Carlos Alcaraz vince, alza le braccia, solleva il trofeo e sorride. Ma sotto la superficie lucida del trionfo a Montecarlo, c’è ben altro. C’è la pressione, c’è il confronto, c’è (neanche troppo tra le righe) l’ossessione per Jannik Sinner. Non lo nomina direttamente, almeno non sempre. Ma il fantasma dell’italiano, fermo per la squalifica dopo il caso Clostebol, ha seguito ogni passo di Carlitos nel Principato.
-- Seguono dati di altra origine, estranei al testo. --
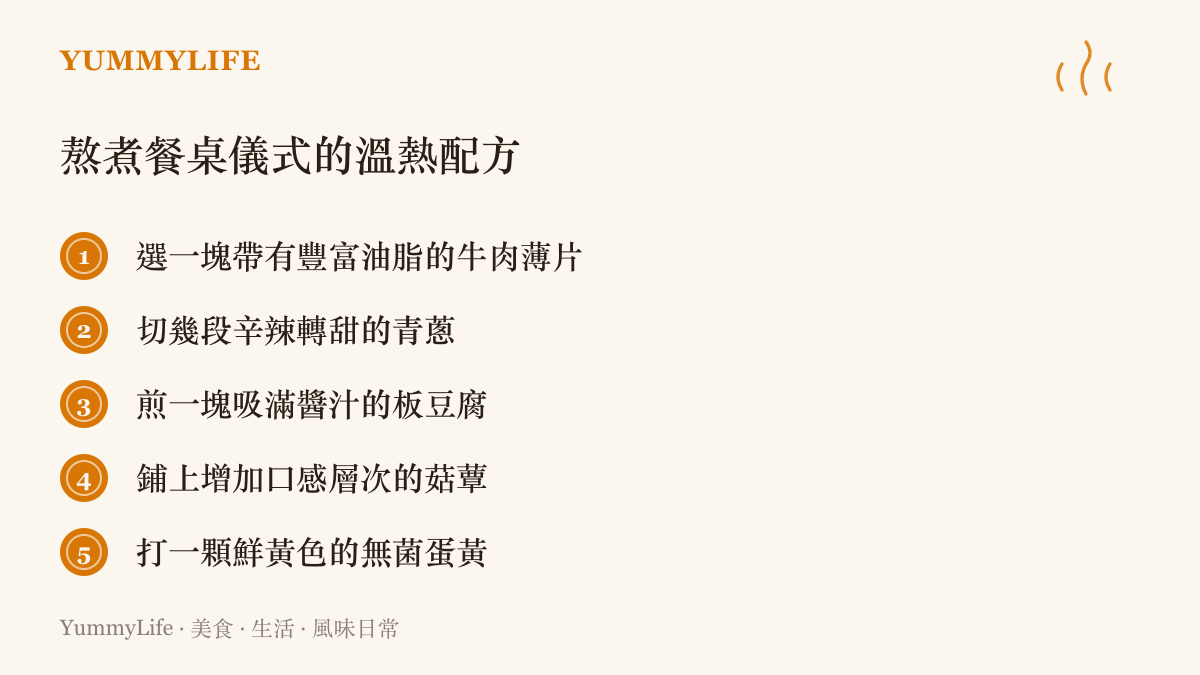 一張清單圖卡，視覺化呈現製作壽喜燒必備的牛肉、青蔥、板豆腐、菇蕈與雞蛋等五項核心食材。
E lui lo sa: “Molte persone mi hanno chiesto spiegazioni, mi hanno detto quanto sia importante che io raggiunga di nuovo il numero 1, probabilmente, ci ho pensato troppo”. La finale contro Lorenzo Musetti finisce 3-6, 6-1, 6-0. Un cappotto in piena regola dopo un primo set da incubo, con l’azzurro che si ferma anche per un problema muscolare. Ma il risultato dice poco. Conta di più quello che Alcaraz racconta dopo, a caldo, con un sorriso che stavolta nasconde più che mostrare. "È stato un mese difficile per me. Dentro e fuori dal campo. Non voglio dirlo in pubblico, ma ho fatto fatica a scendere in campo. È stato difficile trovare il modo di non pensare a tutto".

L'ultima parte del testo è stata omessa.